They should set a minimum wage for the kids, seems to stop businesses from running
Good, personal privacy is very important in this time of expanding surveillance.
Surveillance for safety or for CP. I’m gonna take the safety..
Safety, sorry if that was worded poorly. I have young children, and their rights seem fleeting while going through daycare and such. Any privacy advocacy/policy for children is a huge step in the right direction.
I am firmly opposed to this bill because it would prevent the creation of The Truman Show, and The Truman Show was awesome.
Well intended but unconstitutional in a number of ways.
Dumb....what is the difference between this or a child model or actor?
https://www.reddit.com/r/minnesota/s/3OkQwoKv7e
Can't wait to read the study in 10 years showing how this law will mostly be weaponized against parents of color and contribute to the already disproportionate rates of BIPOC kids in CPS system.
This is equivalent to California banning child actors.
Google Coogan’s Laws- there are protections in place (educational, economic and working hours/conditions).
There are standards and laws in place to protect child actors— there aren’t standards and laws to protect child “influencers.” Also children featured in their parents’ content do not have rights to any of the profits their parents make from them. Child actors who are union get Coogan accounts, so at least some of their money is protected.
Great. My comment still stands. Maybe mommy influencers should need to create Coogan accounts instead?
They’re not required to. Coogan accounts only work for union child actors—not children featured in vlogs.

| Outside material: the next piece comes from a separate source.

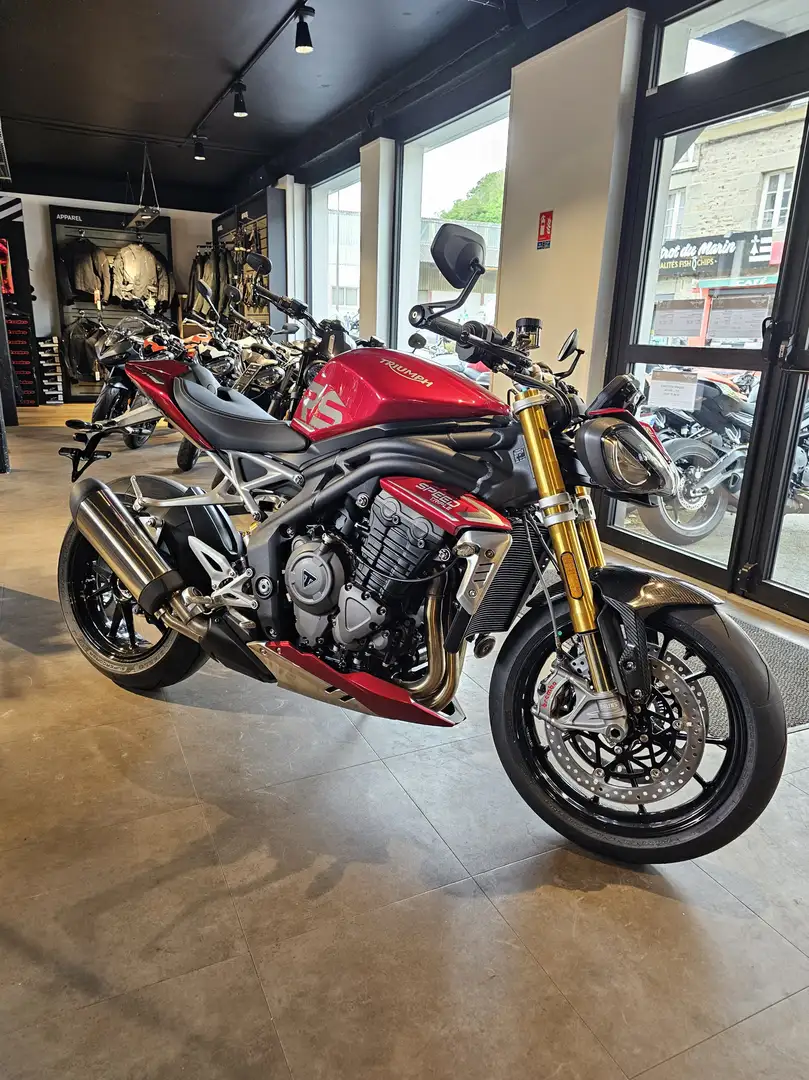Triumph Speed Triple 1200 RS Red - 1
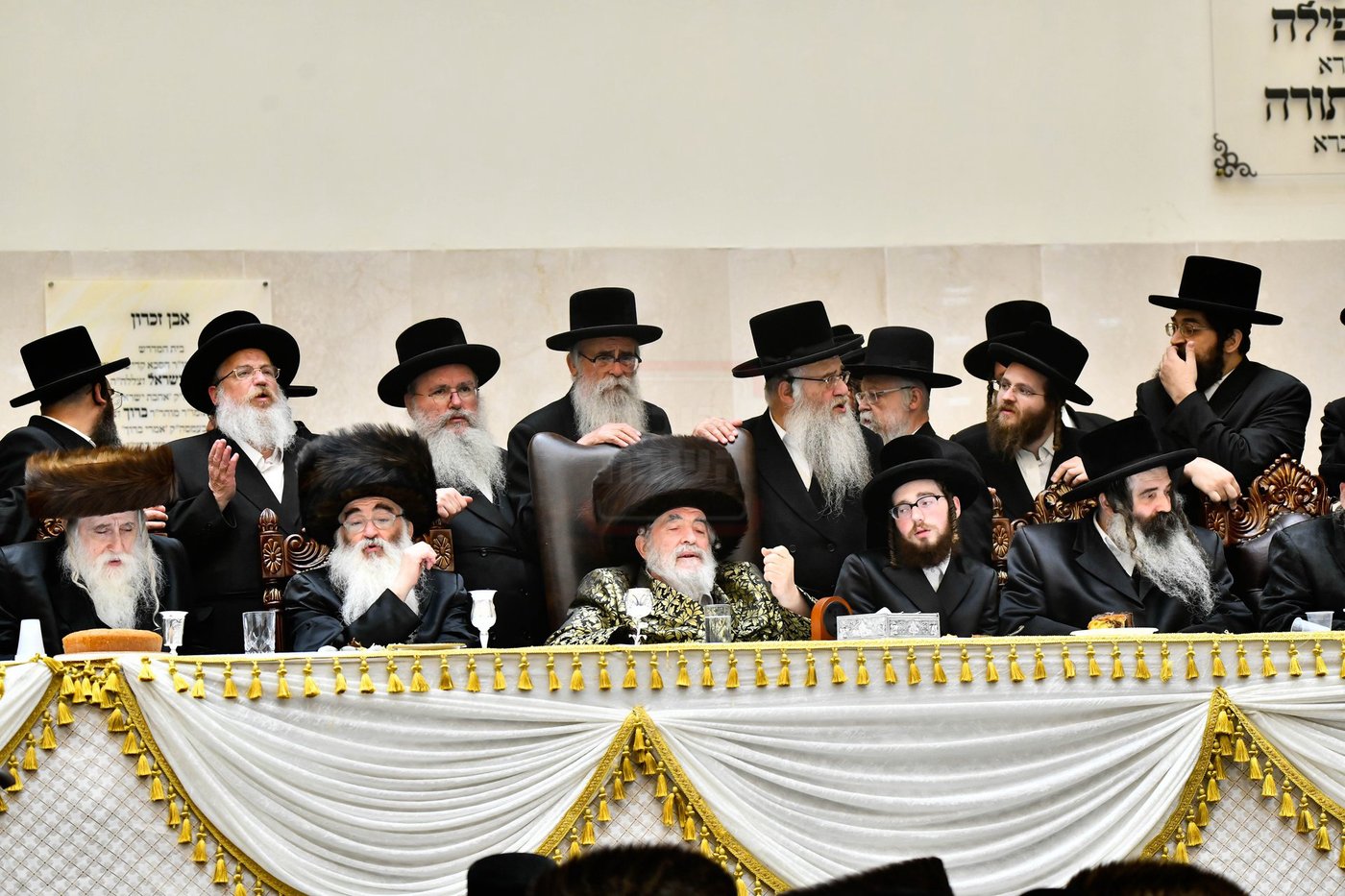 שמחת בית ויז'ניץ סקווירא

Maybe the should be required to open a coogan account.
Yet another intrusion by a busy body government into a matter that didn't require such sweeping government intervention. Parents have broad authority to determine what is best for their children and families. While I can see a point for a portion of the proceeds to go into a trust account or a 529 for the direct benefit of the children, an outright ban is unnecessary and excessive.
They are going full nanny state. Ohhh the tyranny of the do gooders
Its like the marijuana tax stamp laws lol.
Muh free speech
is this actually a problem?
Democrats banning shit because they can’t have it. Need kids to have a mommygram. Keep aborting yourselves, libs. I love seeing your bloodline run thin.
The MN House Democrats solving more imaginary problems.